The Jerusalem Declaration runs contrary to what surveys have shown most Jews in Europe and the US believe about Israel-related antisemitism. You might expect any definition of antisemitism to prioritise the views of Jewish communities over the interests of those who want to campaign against something Jewish, but that is not the case. It would be bizarre, for example, if a definition of antisemitism went out of its way to protect the right to campaign for shechita or brit milah to be banned, yet the Jerusalem Declaration’s authors felt the need to say it is not antisemitic to call for the world’s only Jewish state to disappear.

The academics who have written and signed the Jerusalem Declaration are responding to an environment in which the IHRA definition has been repeatedly misrepresented as silencing all criticism of, and campaigning against, Israel. The belief that the IHRA definition has a chilling effect on pro-Palestinian activism is so widespread that opposition to it has become totemic for many opponents of Israel. For example, this idea of a chilling effect is cited in the Palestine Solidarity Campaign’s Legal Guide for Palestine Solidarity Student Activists, even though that same PSC guidance states that in the UK “there is no known case of any university directly citing the IHRA definition to close down an event that is legitimately critical of Israel and is therefore not antisemitic”.

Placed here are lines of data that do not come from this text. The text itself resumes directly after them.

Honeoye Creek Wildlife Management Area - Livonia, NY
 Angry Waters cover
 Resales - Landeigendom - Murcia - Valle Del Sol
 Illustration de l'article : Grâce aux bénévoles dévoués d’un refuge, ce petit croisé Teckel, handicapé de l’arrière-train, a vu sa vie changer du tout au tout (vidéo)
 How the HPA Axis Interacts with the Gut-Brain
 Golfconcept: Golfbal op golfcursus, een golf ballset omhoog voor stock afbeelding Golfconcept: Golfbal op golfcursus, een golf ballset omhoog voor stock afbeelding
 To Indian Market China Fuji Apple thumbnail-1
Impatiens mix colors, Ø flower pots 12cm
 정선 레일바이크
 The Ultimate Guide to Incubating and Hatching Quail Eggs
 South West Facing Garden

If a bunch of academics want to write themselves some guidelines about how they and their students can discuss Israel and Palestine, that is up to them. They might even consider that it is often Jewish students who are inhibited from expressing their support for Israel, rather than Israel’s critics who are silenced. But calling this a definition of antisemitism and suggesting it could replace the IHRA guidelines risks setting back genuine efforts to tackle antisemitism.

Dr Dave Rich is Director of Policy at the Community Security Trust and author of ‘The Left’s Jewish Problem: Jeremy Corbyn, Israel & Antisemitism’

This piece was edited to more fully reflect the PSC's stance.